* [Dataset content]
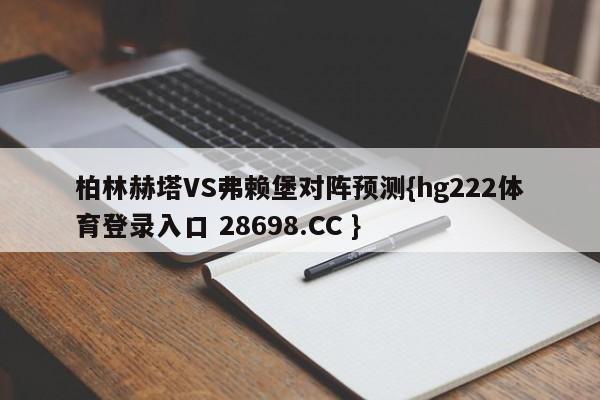 柏林赫塔VS弗赖堡对阵预测{hg222体育登录入口 28698.CC }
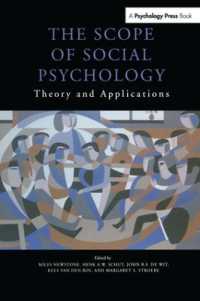 The Scope of Social Psychology : Theory and Applications (A Festschrift for Wolfgang Stroebe) (Psychology Press Festschrift Series)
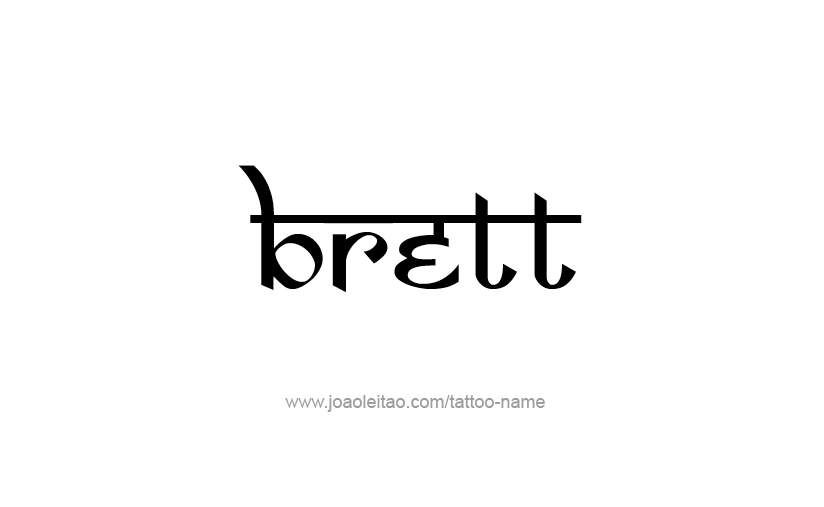 Tattoo Design  Name Brett   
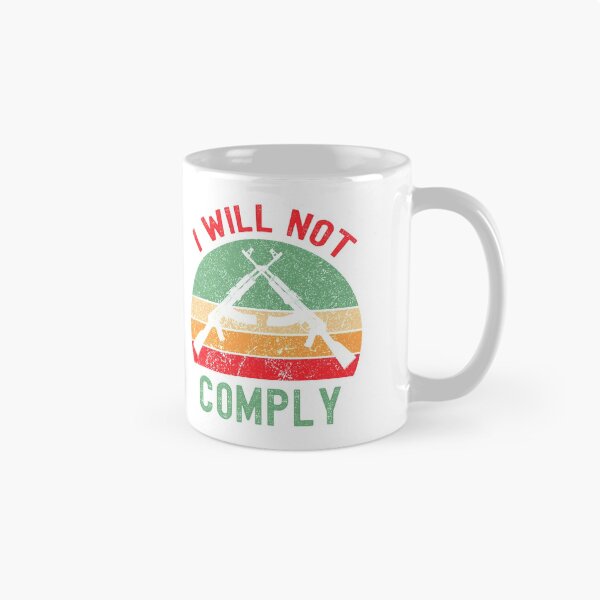 Item preview, i will not comply          designed and sold by VigilantSupplys.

* [Exercise brief] The answer should match the material exactly, with every picture removed.

* [Exercise solution]
 柏林赫塔VS弗赖堡对阵预测{hg222体育登录入口 28698.CC }
 The Scope of Social Psychology : Theory and Applications (A Festschrift for Wolfgang Stroebe) (Psychology Press Festschrift Series)
 Tattoo Design  Name Brett   
 Item preview, i will not comply          designed and sold by VigilantSupplys.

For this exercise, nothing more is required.